Hi -
I am attempting to predict a percentage variable (bounded by 0 and 1, with no instances of 0 or 1 occurring), using a continuous normal variable and a bounded normal variable. Here is my code:
from theano import shared
homespread = shared(data.HomeSpread.values)
homeodds = shared(data.ImpliedHomeOdds.values)
y=data.MidML_Home.values
with pm.Model() as model:
# Define priors
intercept = pm.Normal('Intercept', 0, sd=10)
x0 = pm.Normal('x0', mu=0, sd=20)
x1 = pm.Normal('x1', mu=0.5, sd=.1)
y_est = pm.math.sigmoid(intercept+x0*homespread+x1*homeodds)
model_err = pm.Normal('model_err',mu=0.5,sd=.1)
# Data likelihood
y_like = pm.LogitNormal('y_like',mu=y_est,sd=model_err,observed=y)
trace = pm.sample(20000,tune=5000)
Using the LogitNormal does not seem to (1) appropriately handle independent values above 0 and (2) predicts a tighter posterior than occurs in reality, as tested via:
homespread.set_value(np.array([-7.]))
homeodds.set_value(np.array([.5]))
ppc = pm.sample_ppc(trace, model=model, samples=10000)
_, ax = plt.subplots(figsize=(12, 6))
ax.hist([n.mean() for n in ppc['y_like']], bins=19, alpha=0.5)
ax.axvline(data[data['HomeSpread']==-7.].MidML_Home.mean())
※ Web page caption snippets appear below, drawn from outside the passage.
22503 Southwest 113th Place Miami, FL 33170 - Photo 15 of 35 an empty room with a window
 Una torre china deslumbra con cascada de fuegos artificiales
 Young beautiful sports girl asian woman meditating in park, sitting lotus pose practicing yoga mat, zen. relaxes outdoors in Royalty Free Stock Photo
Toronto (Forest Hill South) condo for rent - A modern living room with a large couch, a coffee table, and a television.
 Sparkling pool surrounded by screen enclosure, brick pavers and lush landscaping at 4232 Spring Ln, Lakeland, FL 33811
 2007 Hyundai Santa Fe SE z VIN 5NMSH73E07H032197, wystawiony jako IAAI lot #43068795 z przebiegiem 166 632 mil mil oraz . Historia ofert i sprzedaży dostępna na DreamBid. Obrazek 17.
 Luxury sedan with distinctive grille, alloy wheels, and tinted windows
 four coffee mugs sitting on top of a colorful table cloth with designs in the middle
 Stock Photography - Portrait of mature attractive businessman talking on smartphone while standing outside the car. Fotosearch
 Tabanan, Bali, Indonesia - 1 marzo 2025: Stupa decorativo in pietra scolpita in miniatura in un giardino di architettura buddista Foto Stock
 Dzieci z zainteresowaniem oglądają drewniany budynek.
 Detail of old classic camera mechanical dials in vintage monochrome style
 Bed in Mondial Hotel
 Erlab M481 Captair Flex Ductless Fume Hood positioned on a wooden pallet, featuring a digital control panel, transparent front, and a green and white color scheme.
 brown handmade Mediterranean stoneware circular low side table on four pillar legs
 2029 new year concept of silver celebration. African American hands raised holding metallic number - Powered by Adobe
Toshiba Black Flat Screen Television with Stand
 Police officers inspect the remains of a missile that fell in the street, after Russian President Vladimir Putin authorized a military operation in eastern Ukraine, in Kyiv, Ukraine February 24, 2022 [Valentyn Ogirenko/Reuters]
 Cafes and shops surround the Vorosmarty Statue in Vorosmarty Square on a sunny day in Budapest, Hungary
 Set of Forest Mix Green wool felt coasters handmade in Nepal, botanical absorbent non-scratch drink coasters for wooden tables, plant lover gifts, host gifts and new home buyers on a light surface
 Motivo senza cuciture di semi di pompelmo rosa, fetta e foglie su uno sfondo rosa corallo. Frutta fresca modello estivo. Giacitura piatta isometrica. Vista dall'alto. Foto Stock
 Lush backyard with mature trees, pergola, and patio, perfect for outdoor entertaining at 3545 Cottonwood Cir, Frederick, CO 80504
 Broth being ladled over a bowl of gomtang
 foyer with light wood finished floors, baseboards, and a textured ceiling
ax.set(title='Posterior predictive of the mean', xlabel='mean(x)', ylabel='Frequency');
Any suggestions for how to best go about modelling this problem in PyMC3 would be much appreciated. Of note, I have tried using a Beta distribution in place of the LogitNormal as well, but struggled identifying the appropriate alpha/beta priors and ended up with a posterior far too tight around .5.
Thanks!